Apparently, a source internal to the Financial Crimes Enforcement Network – the anti-money laundering unit of the US Finance department – leaked a number of reports made to the federal agency, including suspicious activity reports. What emerged is that… drum roll…
… banks do not seem to do everything in their effort to stop dirty money flows.
Once more: banks do not keep up their promise to stop servicing high risk customers. In some cases, they don’t seem to try at all, and in 2 cases they got caught red handed.
Once you’ll have recovered from the shock, we can keep on following the developments, wondering why would banks invest in stopping criminal activity, when they know that law enforcement does not come even close to having enough resources to follow up on all the reports. Why would banks give up profitable clients, when the risk of getting caught dealing with them is so low?

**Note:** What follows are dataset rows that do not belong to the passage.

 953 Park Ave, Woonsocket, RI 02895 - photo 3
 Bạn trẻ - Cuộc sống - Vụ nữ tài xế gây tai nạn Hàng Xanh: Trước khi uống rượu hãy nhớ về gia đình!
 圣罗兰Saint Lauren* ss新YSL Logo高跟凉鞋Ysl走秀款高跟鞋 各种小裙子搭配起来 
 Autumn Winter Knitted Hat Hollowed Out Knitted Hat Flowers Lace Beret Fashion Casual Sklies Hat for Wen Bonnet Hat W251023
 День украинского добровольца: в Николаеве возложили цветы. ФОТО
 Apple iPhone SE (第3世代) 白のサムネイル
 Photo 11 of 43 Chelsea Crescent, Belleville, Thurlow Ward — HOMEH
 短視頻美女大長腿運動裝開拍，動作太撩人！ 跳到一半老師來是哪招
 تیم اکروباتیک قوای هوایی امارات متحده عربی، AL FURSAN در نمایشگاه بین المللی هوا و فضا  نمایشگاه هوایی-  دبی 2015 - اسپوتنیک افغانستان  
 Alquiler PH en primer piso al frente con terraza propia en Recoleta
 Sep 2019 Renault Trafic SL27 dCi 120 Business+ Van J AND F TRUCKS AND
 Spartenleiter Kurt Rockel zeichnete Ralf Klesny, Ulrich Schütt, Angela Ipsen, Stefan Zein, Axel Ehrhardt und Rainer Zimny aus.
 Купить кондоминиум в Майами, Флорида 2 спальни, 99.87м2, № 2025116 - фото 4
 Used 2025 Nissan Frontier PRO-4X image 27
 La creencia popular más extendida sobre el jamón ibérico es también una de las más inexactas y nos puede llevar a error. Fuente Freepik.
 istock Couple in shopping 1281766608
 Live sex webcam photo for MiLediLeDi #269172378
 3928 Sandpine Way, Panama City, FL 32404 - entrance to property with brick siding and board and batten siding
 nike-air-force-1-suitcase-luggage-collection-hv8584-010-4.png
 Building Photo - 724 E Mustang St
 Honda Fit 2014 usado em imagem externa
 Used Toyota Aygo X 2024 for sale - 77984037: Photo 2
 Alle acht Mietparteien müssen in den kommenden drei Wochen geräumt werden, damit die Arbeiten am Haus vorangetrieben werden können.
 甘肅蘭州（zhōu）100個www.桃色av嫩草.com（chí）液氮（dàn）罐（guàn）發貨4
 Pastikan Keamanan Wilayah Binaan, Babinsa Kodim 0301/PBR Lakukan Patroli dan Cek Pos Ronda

The problem is that instead of focusing on effective systems aimed at flagging problematic transactions, banks seem to prefer to invest in consultants who tell them how to best perform within the law and still manage to serve as many clients as possible without risking sanctions. And the technology here is not exactly a problem: Lemonade, Inc, has been using bots to process insurance claims and stop the fraudulent ones, and we are talking about a lot of data of different kinds, since contracts have different parameters to begin with, claims are made on video, and every incident is unique. For transaction data however, the problem is much simpler. Take a look at the leaked data: there will be a beneficiary and a payer, a currency code, an amount, a date. You don’t even need Artificial Intelligence or Machine Learning to catch the biggest red flags here. Yes, there are trillions of transactions in a day, but the data is much more uniform. Once proper KYC (“know your customer”) background research is done before an account is opened, it’s not difficult to implement a system that alerts in specific cases.
Why do we keep on getting surprised when news of this kind breaks out? How could we expect anything different when the incentives are such that banks have to choose between what’s right and what’s profitable?
Are banks really to blame? Maybe, if incentives were different, their motivation would also be different. Isn't it time to start reviewing those incentives, then, so that ethical behavior gets properly rewarded too?